Serge Paugam : rupture du lien de la filiation, des risques inégaux selon les classes sociales
Les premières enquêtes de Serge Paugam sur la pauvreté ont confirmé que les personnes considérées comme pauvres sont souvent confrontées à des situations extrêmes associées à une rupture cumulative des liens sociaux. Quels sont les risques pour chaque personne de faire l’expérience d’une ou de plusieurs ruptures dans son existence ?
Lien familial : ne pas mélanger détachement et rupture
Serge Paugam de distinguer le détachement, qui lui est nécessaire, de la rupture : “Il faut se garder de confondre détachement et rupture, mais le premier semble même souhaitable dans bien des cas. Les psychiatres spécialistes des adolescents ne disent-ils pas qu’il est nécessaire de se détacher pour grandi ? Voir, par exemple, Marcel Dufo, Détache-moi. Se séparer pour grandir, Paris, Anne Carrière, 2007.”
Le maintien des liens familiaux, un privilège social ?
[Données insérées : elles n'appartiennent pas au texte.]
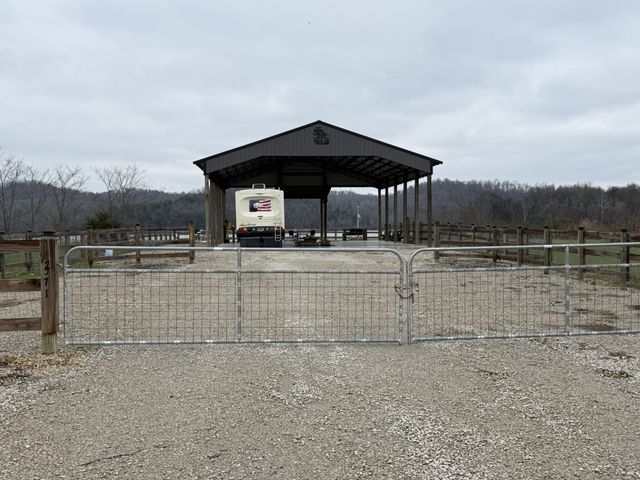 2571 Hardin Bottom River Rd, Clifton, TN 38425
Dans l’enquête SIRS (Santé, Inégalités et Ruptures Sociales) qui a été menée à Paris et dans la petite couronne, Serge Paugam a pu établir que la proportion n’ayant plus de relations avec leur père ou leur mère, alors que ces derniers sont encore en vie, est supérieure à 20% parmi les ouvriers (27,9% pour le père, 21,3% pour la mère) et décroît régulièrement, à mesure que l’on s’élève dans la hiérarchie sociale, pour atteindre un niveau inférieur à 5% parmi les cadres et professions intellectuelles supérieures (4,3% pour le père et 3,6% pour la mère).
“Le délitement du lien de filiation ne touche donc pas les individus de façon égale, une inégalité souvent ignorée“, commente le sociologue.
Une même enquête réalisée à Strasbourg révèle que la proportion d’ouvriers n’ayant plus de relations avec leurs parents y est plus faible qu’à Paris (18,8% contre 27,9% pour le père, 16,1% contre 21,3% pour la mère).
“On peut sans doute expliquer cette différence par le fait que l’ancrage familial est plus facile à conserver pour les populations modestes dans une agglomération comme Strasbourg, en raison du moindre déracinement géographique, et d’une tradition culturelle et religieuse qui valorise la famille. Notons toutefois que la proportion d’ouvriers sans relations avec leurs parents reste nettement supérieure à celle des cadres aussi bien à Strasbourg qu’à Paris.”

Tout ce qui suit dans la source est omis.